Everybody knows this, but nobody knows it quite as intimately as the photographer and filmmaker Afshin Shahidi: He was Prince's personal photographer. The partnership began in 1993, when the young photographer was invited to be a loader for a music video at Prince's Paisley Park. "I was in awe and just stood there and stared at him even though they had told me several times, whatever you do, don't stare at Prince," Shahidi recalls. Prince struck up a conversation with Shahidi, who began working regularly for the superstar, eventually landing a gig as his cinematographer. In 2001, he became Prince's personal photographer, traveling the globe with the musician and capturing his image in public and private for thousands of fans.

Shahidi's photos of the late star are captured in an immense new book, Prince: A Private View, which spans a decade of Prince's career. (The photos of the musician below are taken from the book.) We asked Shahidi to share his six favorite Prince stories. He gladly obliged.

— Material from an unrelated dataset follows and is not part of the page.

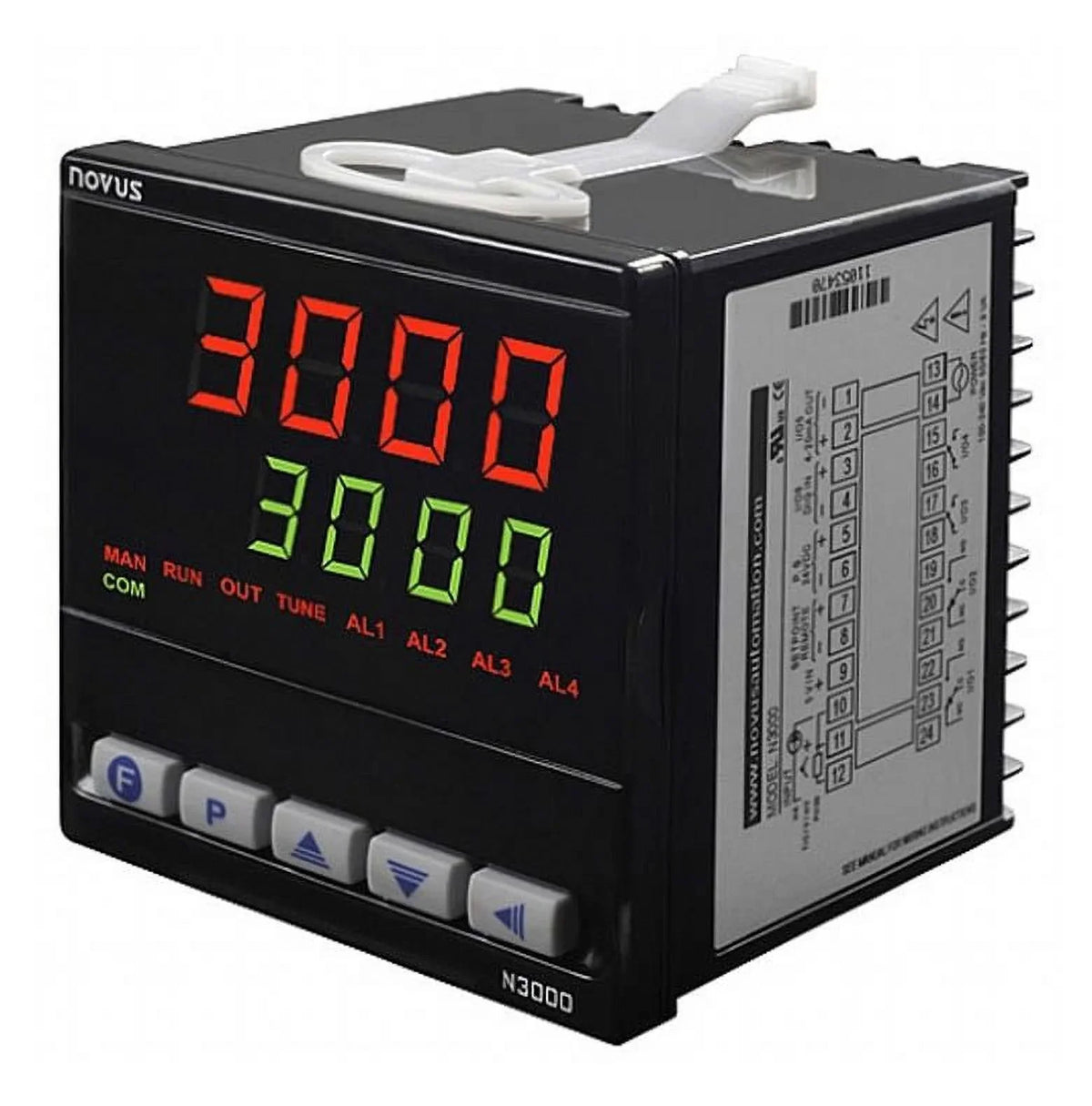 8300200220N3000 USB RS485 Process controller; 4 relays; 1/4 DIN NOVUS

1. Prince was great at emailbut his love of acronyms could cause confusion.

In 2001, Prince began regularly communicating with Shahidi via email. "I was somewhat new to email," the photographer recalls. "I didn't know all the different acronyms and stuff. I didn't know that LOL meant 'laugh out loud.' After a certain number of emails where he had said 'LOL,' and I had said 'LOL' back, I went to my wife and was like, 'Isn't it sweet that Prince keeps emailing me and he finishes his emails with "lots of love"?' She just started shaking her head like, That's not what it means. It means 'laugh out loud!' I started thinking back at all the emails I'd sent him where I had written 'LOL,' like where I told him what it would cost to do something.

"I told him [about the misunderstanding] a couple of years later. He cracked up and started shaking his head."

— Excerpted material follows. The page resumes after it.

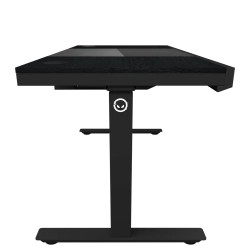 Խաղային համակարգչի սեղան LORGAR Elite DE90W Dual-Motor Bulit-in PC Case Wrls.Charger RGB (Melamine Black) (LRG-DE90W)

So...what were Prince's emails like? "The way that you expected him to write was the way he would write," Shahidi says. "The number 2 or the number 4 replaced the words. He somehow had gotten an eye—like a picture of an eye—that was in his keyboard. He was able to use that instead of the letter I. [He would write] 'I will C U' with a U versus a you. He was witty and funny, even on email, but he was more to the point."

2. Even Prince needs a passport photo sometimes.

One day Prince called Shahidi (using someone else's phone—the star refused to own a cellphone) and summoned the photographer to his studio.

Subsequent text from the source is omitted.